Dave Hopwood: Beer Christianity

Dave Hopwood:

Beer Christianity

(This feature originally appeared in The Baptist Times)

A no-nonsense looking guy stands across from me in church. He has a shaved head, wears a ‘wife-beater’ vest and he has tattoos. Not arty tribal tattoos or ‘my birth-sign in Chinese’ tattoos like a fashion designer might have either. Prison tattoos. I’m not sure why he’s at my church – perhaps he’s from the Christian rehab facility we’re linked to, perhaps he’s someone’s son or husband or friend. Whoever he is, though, he does not belong here. At least he doesn’t think so. ‘Uncomfortable’ would be putting it mildly. He wants to hit somebody. I try not to catch his eye. Maybe he’s possessed. Maybe he’s going to rob us.

And then I listen to the words of the worship song we’re singing. ‘I have felt your touch,’ our male worship-leader croons to the carpenter’s son from Nazareth, ‘more intimate than lovers.’ Whether this hard-man is a regular church-goer, familiar with contemporary styles of worship or he has just got out of prison, this has to be the gayest thing he has ever experienced. He’s finding it hard to relate to the lyrics, the high pitch of the singing, the flowers, the whole church experience, and I suddenly realise that so am I. Looking around, other men are feeling the same.

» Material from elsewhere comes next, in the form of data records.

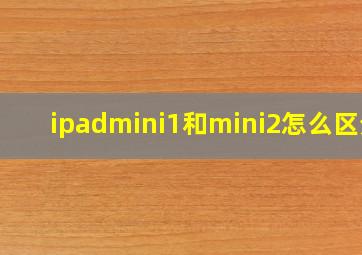 ipadmini1和mini2怎么区分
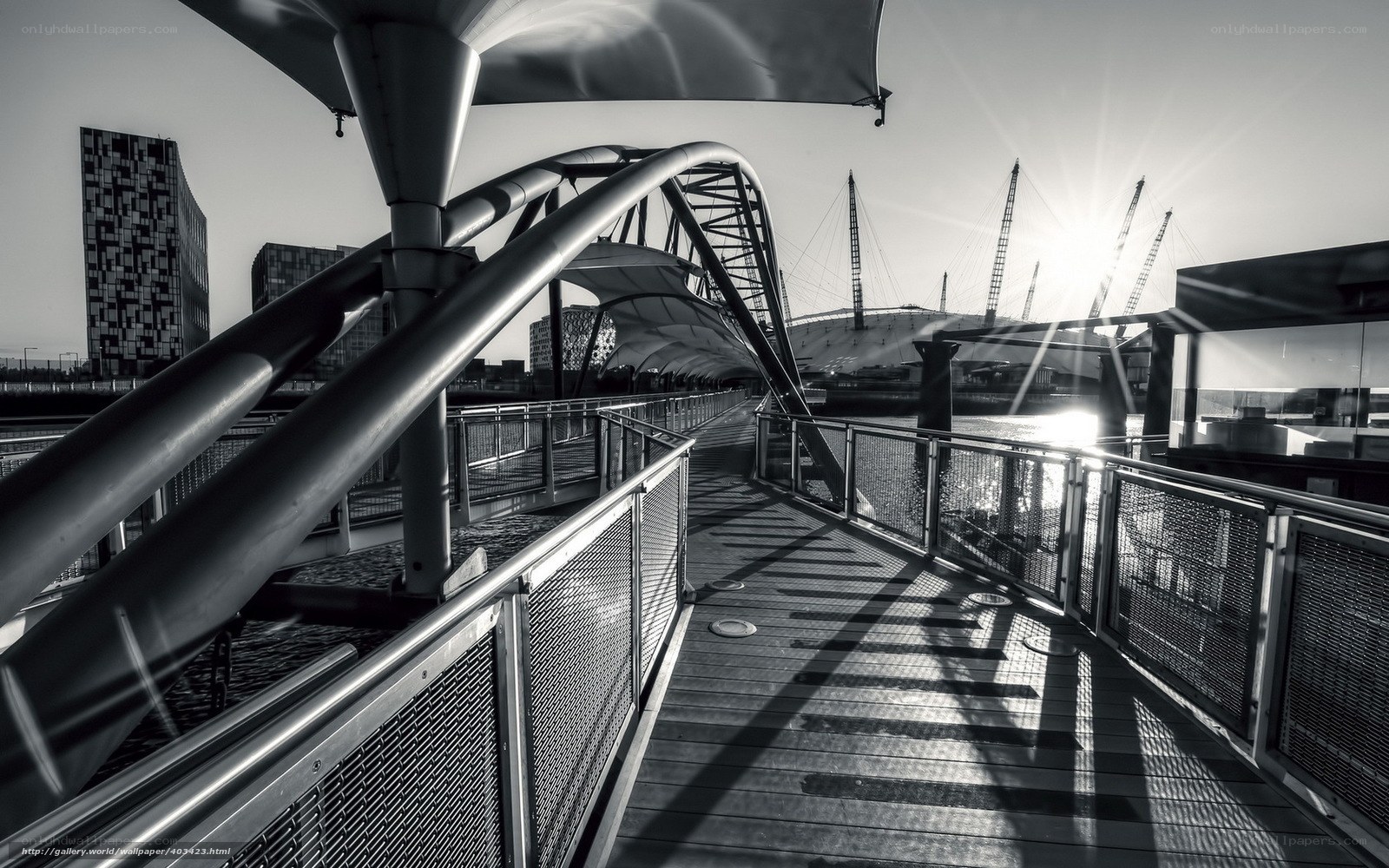 Modern Bridge at Sunset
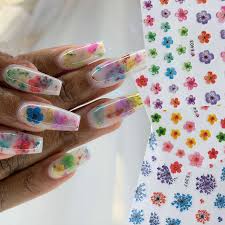 Floral acrylic nails are never out of style and this design will prove that! Dried Flower Nails 3d Nail Stickers Decals Adhesive Maincure Salon Acrylic Nail Art Tool On Aliexpress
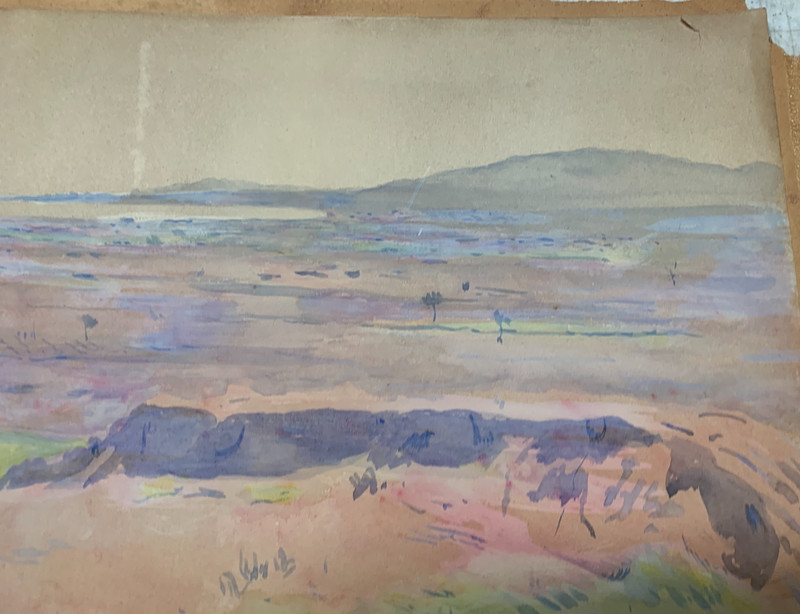 Antique 1899 Robert Gauley 'MARATHON GREECE' Landscape Painting - Irish American gallery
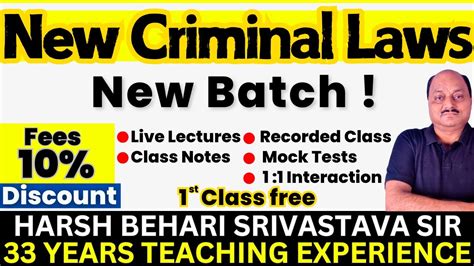 New Criminal Laws New Batch Free Class Judiciary Preparation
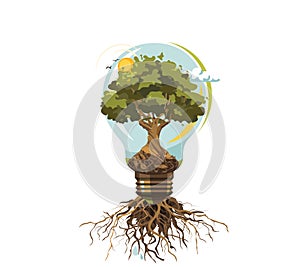 Green energy vector illustration. Light bulb with tree inside, roots like electricity outside. Concept of eco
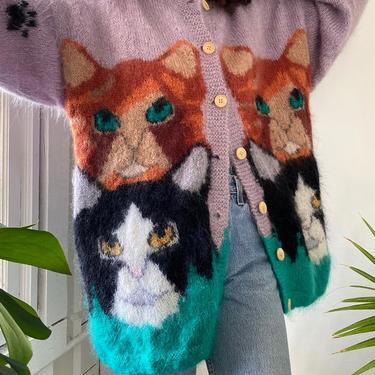 90s Hand Knit Kitty Cardigan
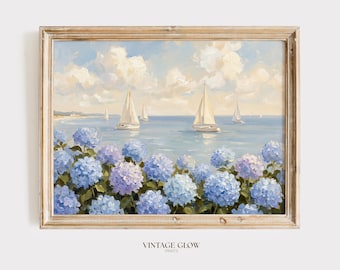 Sailboat & Hydrangea Coastal Art Print | Beach Cottage Decor (Digital Download)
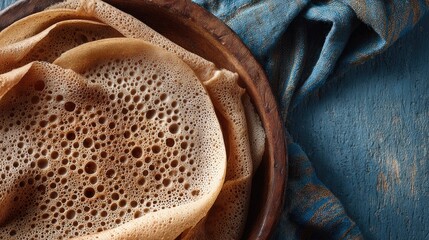Somalia dish Canjeero Sourdough flatbread spongy with holes similar to injera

‘The UK church is haemorrhaging men.’ That’s according to Christian Vision for Men (CVM), a Bath-based ministry that helps churches better engage with men both inside and outside their congregations. They say that the proportion of men in British churches is less than 40 percent and that number is declining steeply. CVM predicts that in just over 20 years, just ten percent of people regularly attending UK churches will be men. And why? Because over the last 20 years, ‘Christian churches have tended to do little for their men.’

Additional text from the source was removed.